All liver MRI examinations were performed with a Discover 750 3.0 T MR scanner (GE Healthcare, Milwaukee, WI, United States) using a 32-channel torso array coil. Patients were in the supine position during horizontal axis scanning and had received prior training on how to breathe. Gd-EOB-DTPA (Promovist®, Bayer Healthcare) was injected intravenously as a contrast agent at a dose of 0.1 mL/kg body weight with a flow rate of 2 mL/s, followed by a 20-mL 0.09% NaCl flush. Three-dimensional T1-weighted contrast-enhanced MRI was conducted in the unenhanced phase (UEP), arterial phase (AP, 25 s), portal phase (60 s), and HBP (20 min).
The signal intensities (SIs) of the liver parenchyma and paraspinal muscle in the UEP (SIUEP-liver and SIUEP-muscle) and HBP (SIHBP-liver and SIHBP-muscle) were independently measured by two professional radiologists with nearly 4 and 6 years of experience in interpreting abdominal MRIs, using regions of interests (ROIs). The radiologists were blinded to the patients’ clinical data and pathological changes.

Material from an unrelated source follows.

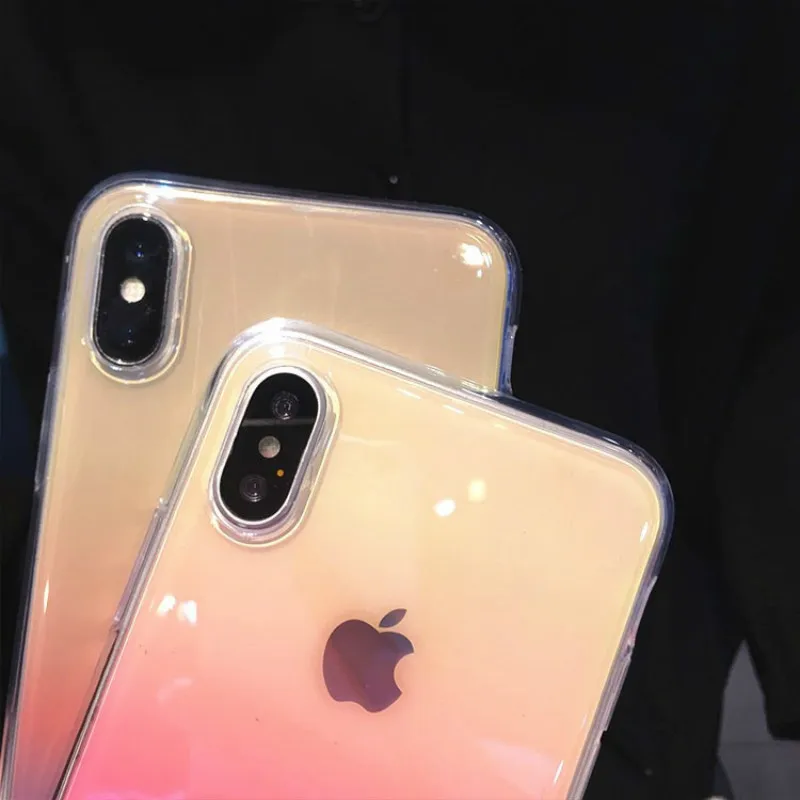 Прозрачный мягкий силиконовый разноцветный чехол Coque для Iphone X Xr Xs Max 6 S 6s 7 8 Plus 7plus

Four ROIs were manually circled (size: 100–150 mm2) in the posterior and anterior segments of the right hepatic lobe and inner and lateral segments of the left hepatic lobe at the hepatic hilar level. The location of the ROIs had to be at the center of each segment, far from the abdominal wall, and avoiding visible blood vessels, bile ducts, and lesions. The ROI of the paraspinal muscle was mainly circled on the left side.
The contrast enhancement index (CEI) was calculated using the following formula[17]:
CEI = (SIHBP-liver/SIHBP-muscle)/( SIUEP-liver/SIUEP-muscle)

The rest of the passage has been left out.